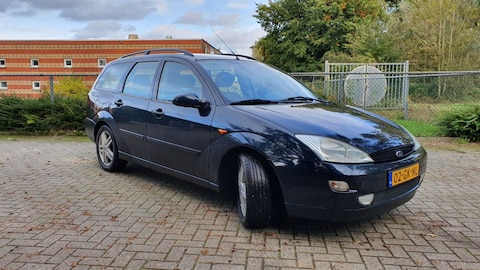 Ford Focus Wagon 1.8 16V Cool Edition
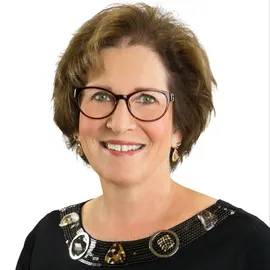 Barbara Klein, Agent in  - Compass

######

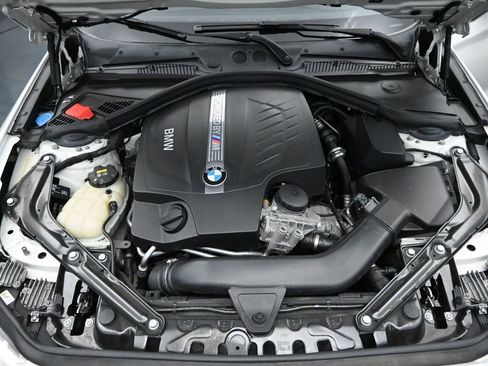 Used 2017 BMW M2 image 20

######

Would you restate, exactly and with no pictures, the lines of the entries above from the one containing "Ford Focus Wagon 1.8 16V Cool Edition" through the one containing "Barbara Klein, Agent"?

» Solution:
 Ford Focus Wagon 1.8 16V Cool Edition
 Barbara Klein, Agent in  - Compass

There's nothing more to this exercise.